Hysterectomy and lifestyle choice
Fb groups like this are very helpful extremely helpful podcasts, interviews with different ppl to listen to who have struggled etc xoxox xoxox
Exercise, psychologist, meeting new ppl who are similar to me in grief, helping others less fortunate than me, prayer, celebrating at church, fresh air, going for walks, meditation, yoga & Pilates, watching comedy going to comedy performances, have had a few life coaching sessions and learning about being in the moment, being gentle on myself, being at home and allowing myself to cry / be angry / be sad, etc.
Allowing time for myself and for my husband us time, enjoying slowly my life the way I never dreamed it could be and doing my best to not judge myself or others.
It's a huge learning curve for me, as when I was a child, I used to pretend I had babies and breastfeed etc and now it's a different way what I thought would happen. Even family and friends who had struggled with fertility ALL of them EVERY single one of them had @ least one baby.

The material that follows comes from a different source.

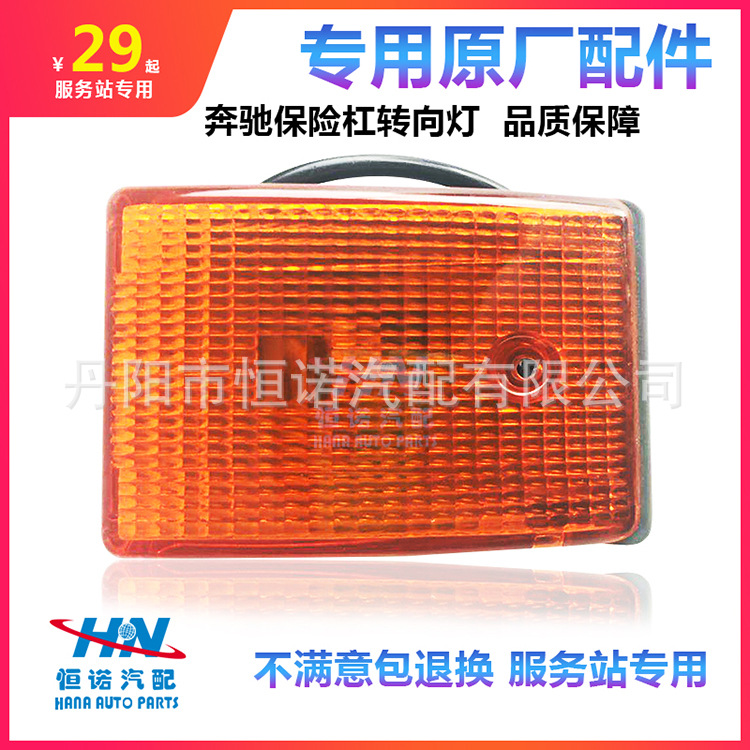 Aplicable a la señal de vuelta de Mercedes-Benz MP4 3341 señal de vuelta del tractor de Mercedes-Benz 9418200521 9418200921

I'm working on looking after myself and the jealousy that comes with this Xox
Oh yes and enjoy deeply hobbies. I love my choir and singing....
1) Focusing on all the people in my life who don't have children. Doing this helped me realize there are more of them than I'd realized. 2) Seeking groups like this one so that I can be around the kind of people I'd like to be more like myself--people who have accepted their childlessness, who perhaps even embrace and celebrate it, and are finding fulfillment in other ways.